Caldwell, 62, had winning seasons in three of his four years in Detroit, but the Lions missed the playoffs twice in the past three years, including this season, when they went 9-7. The Lions also fired offensive line coach Ron Prince on Monday, a source confirmed to ESPN. While he had a winning record overall, Caldwell was 4-23 against teams over .500 in his tenure. In key games in 2017 down the stretch of the season, while fighting for a division title and playoff berth, the Lions lost to the Vikings on Thanksgiving and then had December losses to Baltimore and Cincinnati, essentially knocking Detroit out of playoff contention. Losses to good teams over Caldwell’s tenure — he had chances to win division titles in 2014 and 2016 but lost Week 17 games against Green Bay — played a factor in his dismissal.

Detroit has not won a playoff game since Jan. 5, 1992, against Dallas, and has not won a divisional title since 1993. Caldwell’s winning percentage of .563 was the highest of any coach who led the Lions for more than one season since Buddy Parker had a 47-23-2 record and .671 winning percentage from 1951 to 1956.

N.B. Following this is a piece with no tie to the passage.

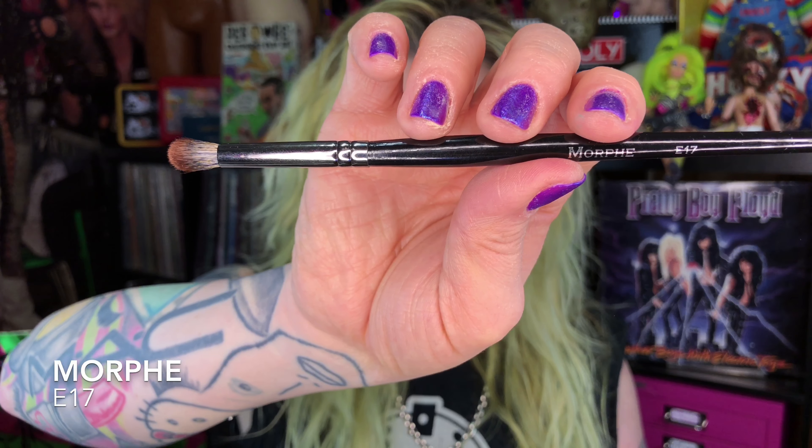Third layer of Poison Plum — definitely still stamping and blending. This might be the most luck I've ever had with Poison Plum, but I've gone in now and done three layers, having to build it and build it to get this opacity and brightness and to make it not look so patchy. But I feel like there's still something — I just want a little bit more from this color.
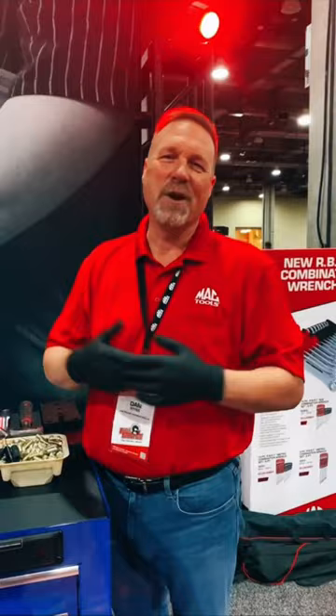Hey Mr. Subaru. I thought you guys would like an inside look at the new RBRT wrench at the Dallas Tool Fair. So check it out, come on in.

Fox, whose contract ran through the 2018 season, had a 14-34 record with the Bears since being hired in January 2015 after a four-year stint as coach of the Denver Broncos. Fox coached the Broncos to four consecutive division titles and a Super Bowl appearance, but he failed to duplicate that success with the Bears, who haven’t had a winning season since 2012 and have made the playoffs just once in the past 11 seasons. He owns a career record of 133-123 in 16 seasons with Chicago, Denver and the Carolina Panthers. Fox’s .292 winning percentage is second worst in franchise history to Abe Gibron, who went 11-30-1 (.274) from 1972 to ’74. The Bears particularly struggled against their division rivals under Fox, going 3-15 against NFC North opponents over the past three seasons.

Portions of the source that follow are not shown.